Why are some white people losing their collective s**t over a black man being president?  I mean, they are angrier at Obama deigning to be President than the garbage job that Bush has done.

Why do so many white people (e.g. Sarah Palin) not realize that Bush is practicing socialism now but highlight Obama as being the path to socialist hell?

What is up with believing America is a White Christian Nation? Since when? Do some white people walk around with their eyes closed?

What is this obsession with artists’ selling out? The same capitalism that gets the pharmaceutical sales rep  their flat screen TVs should not be accessible to artists?

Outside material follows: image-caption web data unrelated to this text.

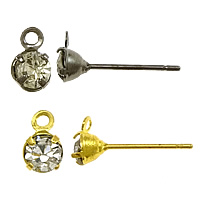 Brass Earring Stud Component plated with loop & with rhinestone nickel lead & cadmium free 0.7mm Approx 0.5mm Sold By Lot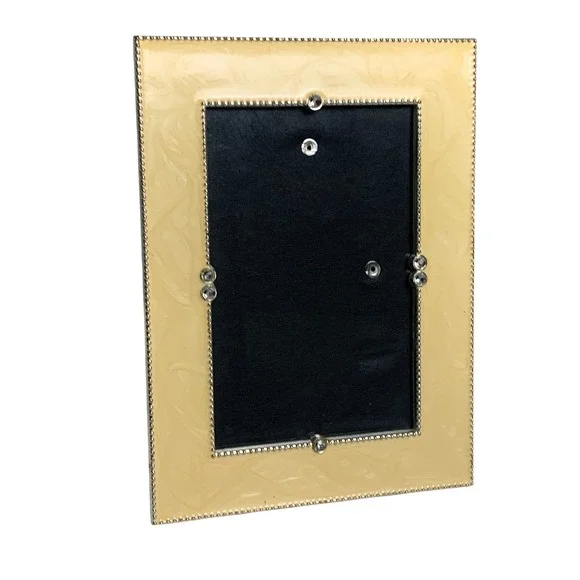 Cream Enamel Rhinestone Beaded 4x6 Picture Frame Silver Tone Marbled Tabletop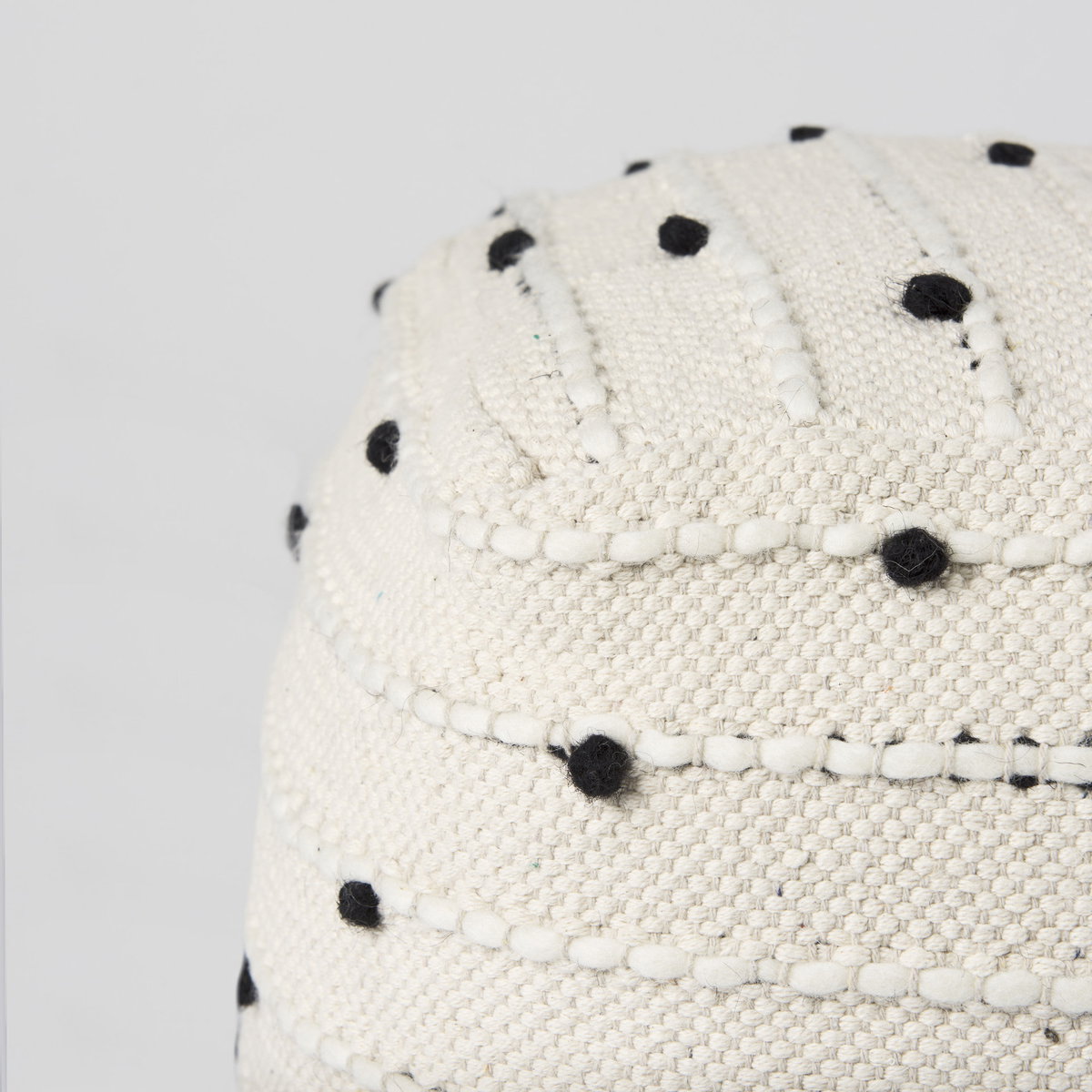 Amaira  Cream/Black/White patterned Wool and Cotton Pouf, Ottoman by Mercana, 16" length x 16" width x 16" height View 6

Do you like fried chicken and ribs?

Will You Be My Black Friend? [GQ.com]

Excerpt:

i’ve always been a little too aware of the race of my friends. One of the most embarrassing memories I have is when I was 8 years old and I made my uncle guess whether my best friend was black or white, and he just started laughing at me. “He’s black!” I said, already feeling like there was something wrong with my question. I didn’t know one of the basic unspoken rules in America, which my question (and this essay) is a violation of: It’s okay to be proud of having black friends.

This best friend’s name was Bobby Poindexter. He was tiny but adult-seeming even in the second grade. He wore a white vest to school sometimes. He was a little Marvin Gaye motherfucker. If you could smoke menthols in the second grade, that’s what Bobby Poindexter would have done. He used to take me to his church, which was way different from any church I’d ever been to. He had an Aunt Bootie who was 400 years old, ate Horehound candy, and carried a purse filled with Bibles and what must have been twenty pounds of concrete. He introduced me to the idea that you could have “cousins” who weren’t your cousins, and he called me “cuz,” which was in retrospect a precursor to “nigga,” which I bet he wouldn’t have called me. I identified with Bobby Poindexter because he was bused into my elementary school and he existed outside the social strata of my world. I felt absolutely no social anxiety when I hung out with him, which made him one of a kind, if you didn’t count my mom, who I couldn’t bring to school with me.

UPDATE – It’s a long article but I do recommend (if you have the time) reading it.  Friedman is attempting to work out all the complications and strangeness of being a part of the world when who you are should dictate that you aren’t welcome or that you shouldn’t attempt to explore.  It’s a path that could veer into social tourism and superficiality but it doesn’t.